The original post about this case hit 168 engagement points and 261 comments. This isn't an isolated story. It's a pattern.
Why this matters if you manage brand budgets
If you're running influencer marketing spend, you need to understand something: the rate you negotiate with a creator isn't their net profit. Out of that number come taxes, team, tools, and yes — legacy deals like this one.
A creator with 20% committed from day one has a fixed cost they can't renegotiate without breaking a relationship. That means they need to charge brands more just to break even. And if you squeeze the price, you're not saving — you're pushing the creator to accept deals they can't sustain.
I've seen creators take campaigns below their actual cost because they need the cash flow. The result: mediocre content, missed deadlines, and the brand blaming the creator when the problem was the rate from the start.
The other side
Is it the creator's fault for signing a bad deal? Partly. But most sign these agreements when they have no experience, no lawyer, and no future perspective. Same thing plenty of first-time founders do.
The difference is that in the startup world, equity deals get renegotiated with every funding round. In the creator world, nobody talks about renegotiation. And whoever brings it up looks like the bad guy.
Startup equity
- Renegotiated every funding round
- Vesting schedules protect both sides
- Standard legal frameworks exist
- Advisors and lawyers involved early
Creator equity
- Set once, never revisited
- No vesting, no milestones
- Handshake deals or basic contracts
- No advisors, no legal review
What brand managers should ask
If you're a brand manager negotiating rates, ask the question nobody asks: what does your cost structure look like? Not to lowball — to understand whether the rate you're paying actually lets the creator do great work.
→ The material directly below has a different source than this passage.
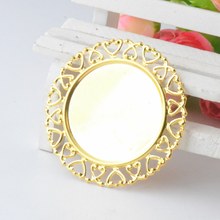 Free shipping 10Pcs Gold Filigree Cabochon Setting Wraps Connectors Crafts Decoration DIY Embellishments 50x50mm (35mm inside) 2024 - buy cheap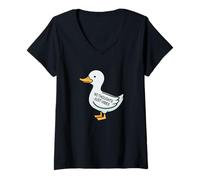 Donna Womens Kids Funny No Thoughts Just Vibes Duck Lover Maglietta con Collo a V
A creator drowning in legacy costs will cut corners. Not because they want to. Because the math doesn't work.
The rate isn't the whole picture
Taxes, team, tools, and legacy deals all come out before the creator sees a dollar. A $5K deal might net them $2K after obligations.
Squeezing price kills quality
When you negotiate a creator below their real cost, you're not getting a deal — you're getting worse content. The budget has to cover production, not just the creator's time.
Fair rates aren't market rates
The best brand-creator deals come from teams who understand that a fair rate isn't what the market says — it's what the creator needs to deliver properly.
How much of the budget you pay do you think actually reaches the person making the content?